* Task data:
§
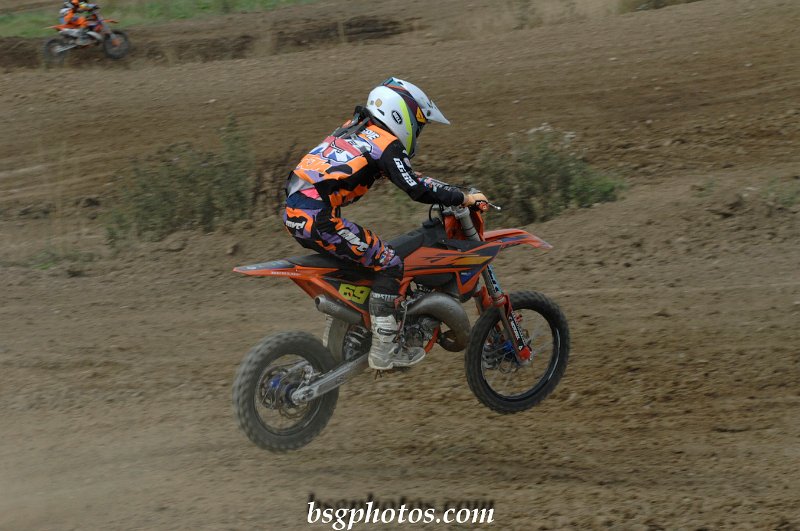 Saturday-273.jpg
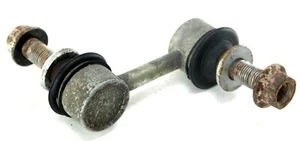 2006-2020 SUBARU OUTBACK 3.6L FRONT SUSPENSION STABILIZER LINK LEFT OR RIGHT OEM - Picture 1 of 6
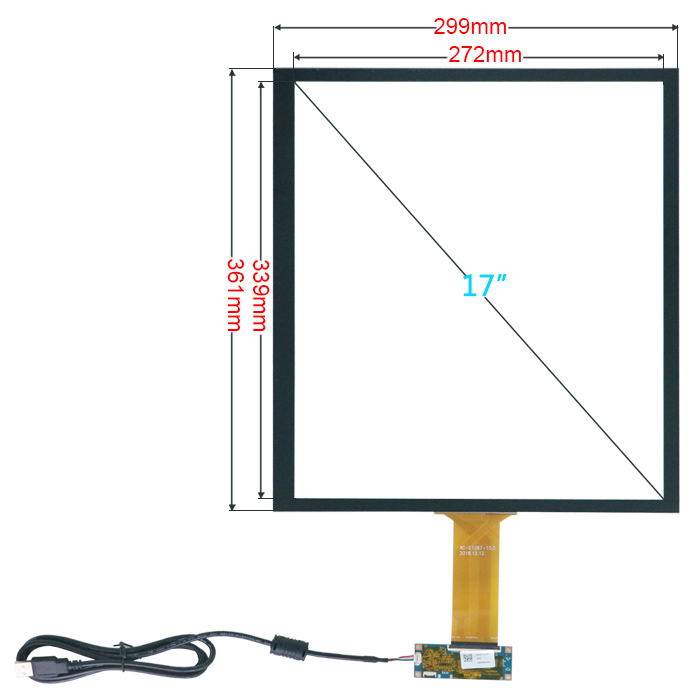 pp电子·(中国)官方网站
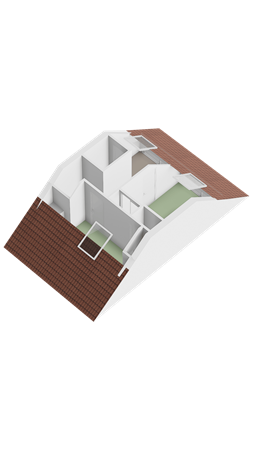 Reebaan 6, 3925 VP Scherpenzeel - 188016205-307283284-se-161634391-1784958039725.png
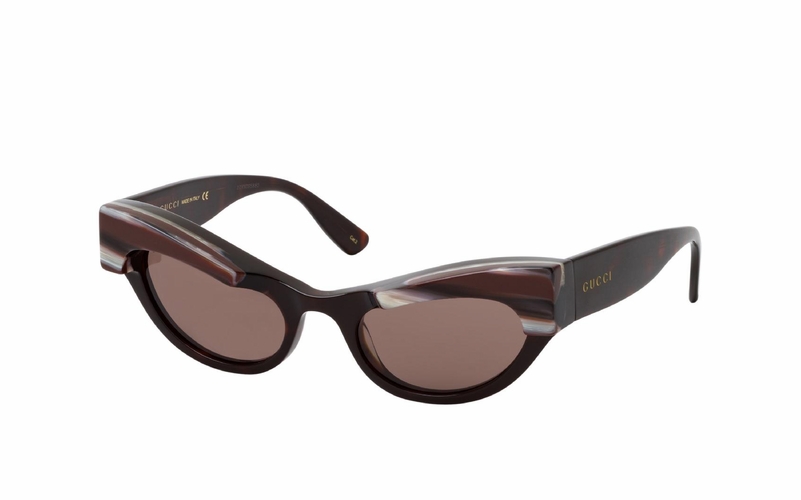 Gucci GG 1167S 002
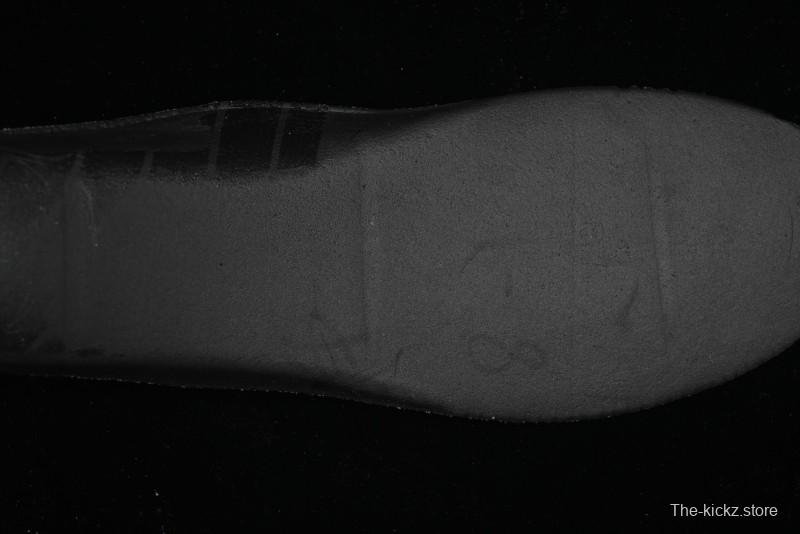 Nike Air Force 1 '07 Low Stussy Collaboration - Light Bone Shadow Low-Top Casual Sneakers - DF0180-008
§
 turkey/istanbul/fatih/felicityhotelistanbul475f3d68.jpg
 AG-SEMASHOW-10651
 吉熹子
§
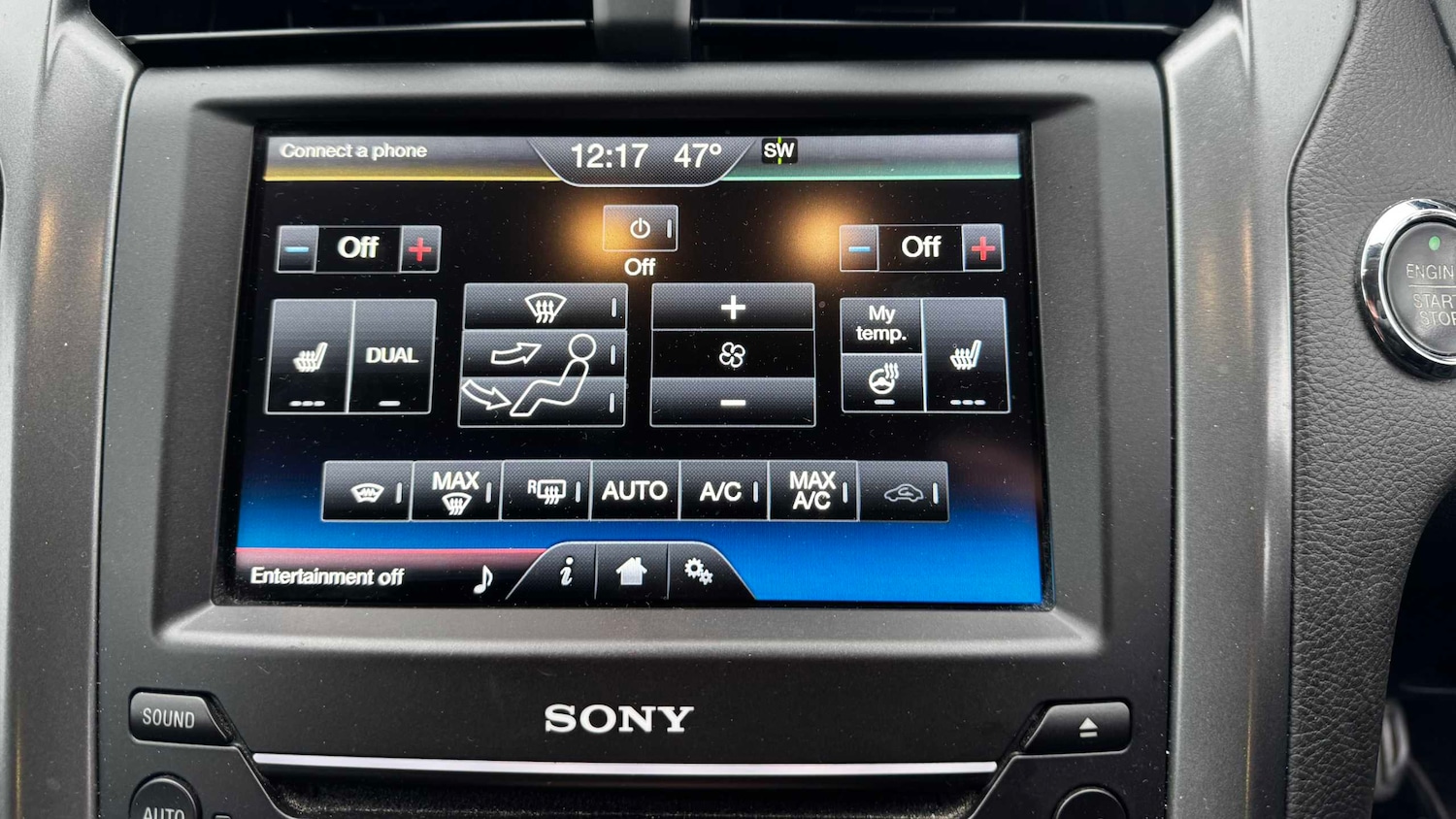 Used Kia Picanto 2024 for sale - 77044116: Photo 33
§
* Exercise details: Using the material above, reproduce only the lines that run from the line with "Saturday-273.jpg" up to and including the line with "Nike Air Force", exactly, with the pictures dropped.

* Answer section:
 Saturday-273.jpg
 2006-2020 SUBARU OUTBACK 3.6L FRONT SUSPENSION STABILIZER LINK LEFT OR RIGHT OEM - Picture 1 of 6
 pp电子·(中国)官方网站
 Reebaan 6, 3925 VP Scherpenzeel - 188016205-307283284-se-161634391-1784958039725.png
 Gucci GG 1167S 002
 Nike Air Force 1 '07 Low Stussy Collaboration - Light Bone Shadow Low-Top Casual Sneakers - DF0180-008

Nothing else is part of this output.